• _Task prompt_:
The line containing "How to hard reset the" and each line after it, through the final line of the data, are to be retyped exactly, with pictures left out.

Data entries:
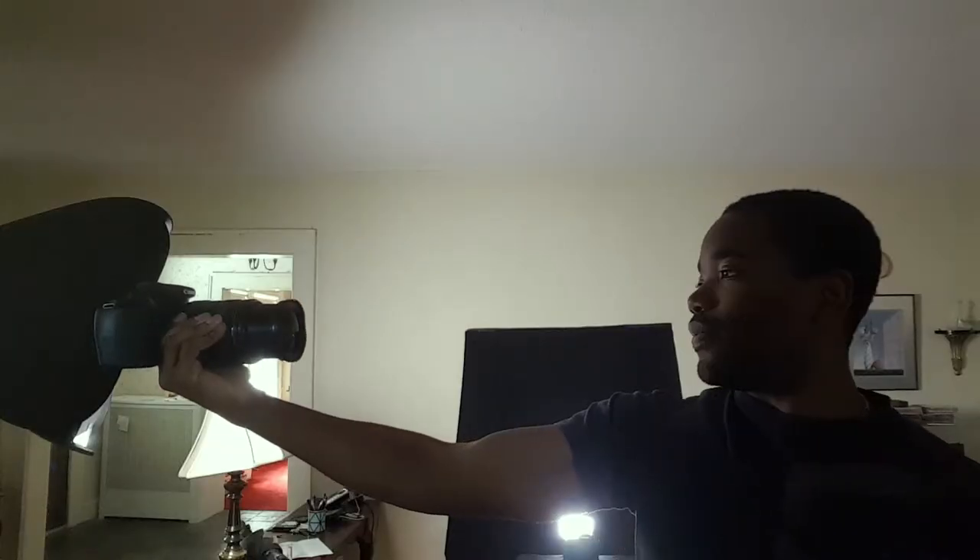I've got the full-frame lens on here. That's why I'm really holding my arm pretty far out — this is pretty far out from where I'm usually holding it. Here's what the pictures look like. I think they came out pretty well.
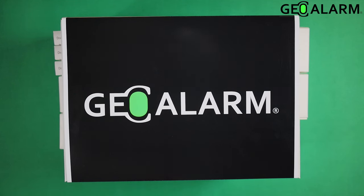Hey everyone, Drew with GeoAlarm and I am back and excited to talk to you about the GeoAlarm control panel, more specifically the GeoKit M or GeoKit Medium. This is our next step up from the GeoKit S, which I have done another video on previously unboxing. This one is going to include a little bit more, so I am going to go ahead and unbox this and show you exactly what it comes with.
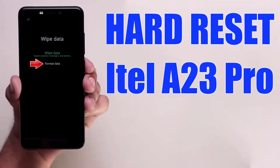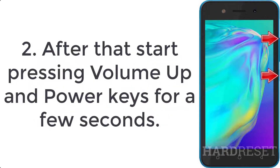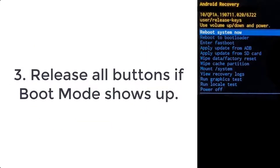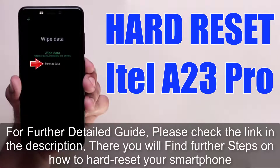How to hard reset the LA23 Pro. Step 1: Turn off the smartphone by holding the power button for a couple of seconds. Step 2: Start pressing the volume up and power keys for a few seconds. Step 3: Release all buttons. If boot mode shows up, for a further detailed guide please check the link in the description — there you will find further steps on how to hard reset your smartphone.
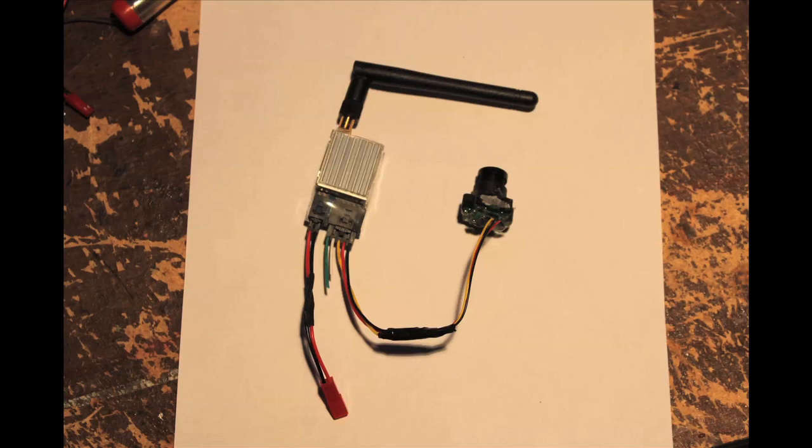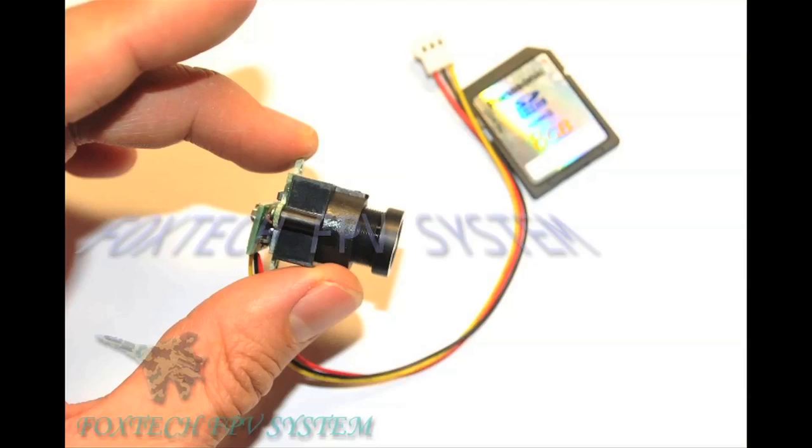I got a couple of requests on how to set up this FPV system. This is the FH18C camera and the Foxtech Hobby 500mW 2.4GHz transmitter. This camera runs off 12 volts and the transmitter puts out 12 volts, so that makes this a really easy FPV system to set up.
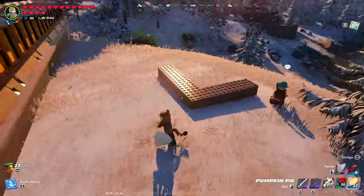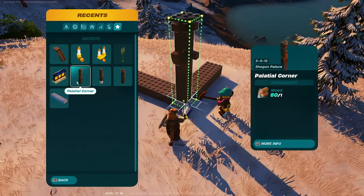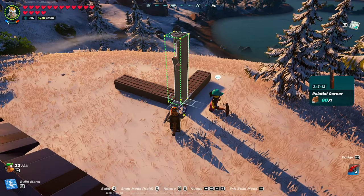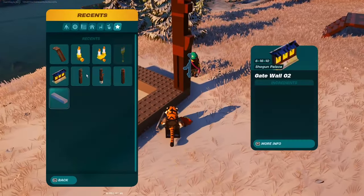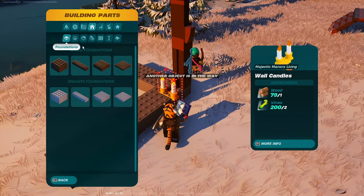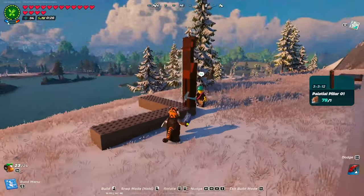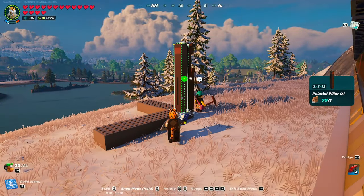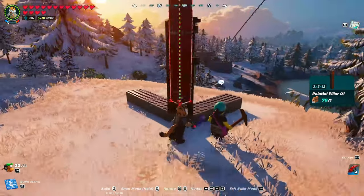So here's your foundation corner — or if you don't have a foundation, that's fine, you don't need it. But in this instance I am going to use one. What you do is take the normal palatial corner and put it in the corner. Then what you want to do is take a palatial pillar one, which should be in supports right here. I like to twist it so the little slit design is facing out.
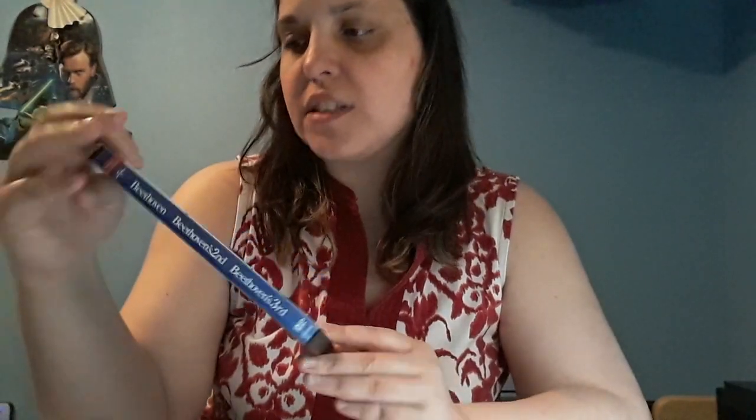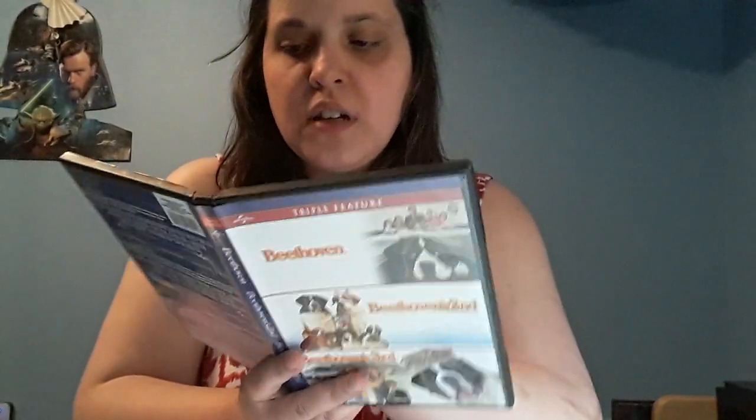I got this one — a Beethoven triple feature. It's Beethoven, Beethoven's Second, and Beethoven's Third. This definitely replaces the tape that we have. We've got so many tapes that need replacing — I'm not talking about the special ones, I'm talking about the ones that really can no longer be watched. The first and second seem to be on one disc, and the third has a separate disc. I'm gonna assume there's nothing extra except subtitles.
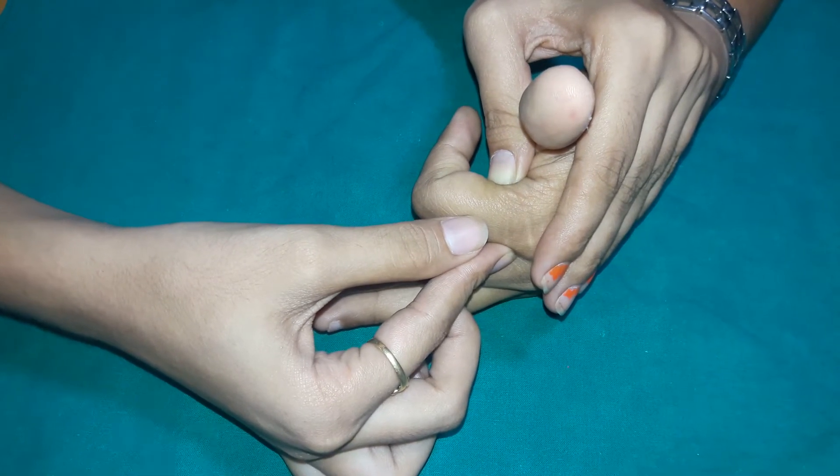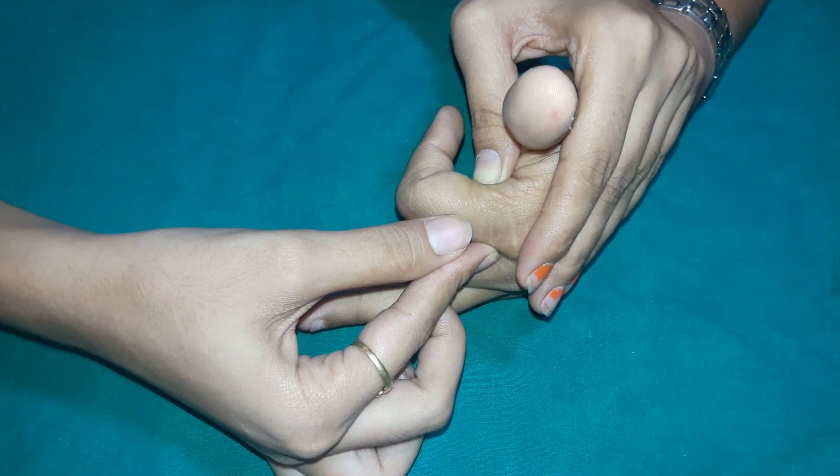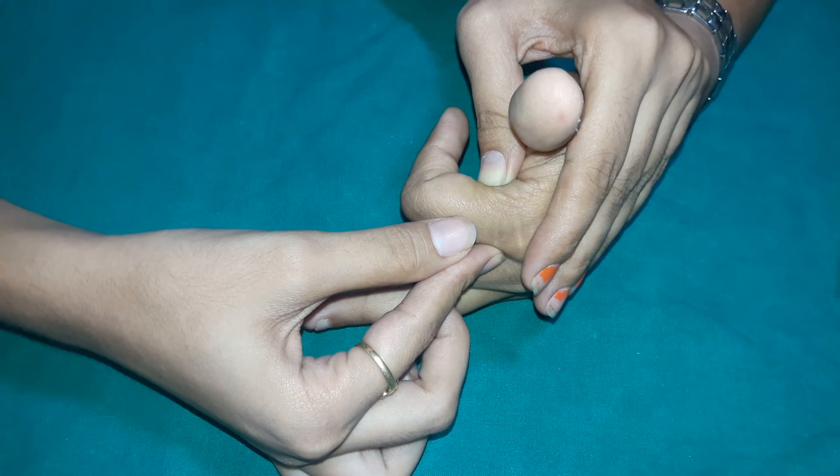If the PIP joint ROM is less in the case of MCP flexion than in MCP extension, then the intrinsic muscles are tight.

• _Answer for the task_:
How to hard reset the LA23 Pro. Step 1: Turn off the smartphone by holding the power button for a couple of seconds. Step 2: Start pressing the volume up and power keys for a few seconds. Step 3: Release all buttons. If boot mode shows up, for a further detailed guide please check the link in the description — there you will find further steps on how to hard reset your smartphone.
I got a couple of requests on how to set up this FPV system. This is the FH18C camera and the Foxtech Hobby 500mW 2.4GHz transmitter. This camera runs off 12 volts and the transmitter puts out 12 volts, so that makes this a really easy FPV system to set up.
So here's your foundation corner — or if you don't have a foundation, that's fine, you don't need it. But in this instance I am going to use one. What you do is take the normal palatial corner and put it in the corner. Then what you want to do is take a palatial pillar one, which should be in supports right here. I like to twist it so the little slit design is facing out.
I got this one — a Beethoven triple feature. It's Beethoven, Beethoven's Second, and Beethoven's Third. This definitely replaces the tape that we have. We've got so many tapes that need replacing — I'm not talking about the special ones, I'm talking about the ones that really can no longer be watched. The first and second seem to be on one disc, and the third has a separate disc. I'm gonna assume there's nothing extra except subtitles.
If the PIP joint ROM is less in the case of MCP flexion than in MCP extension, then the intrinsic muscles are tight.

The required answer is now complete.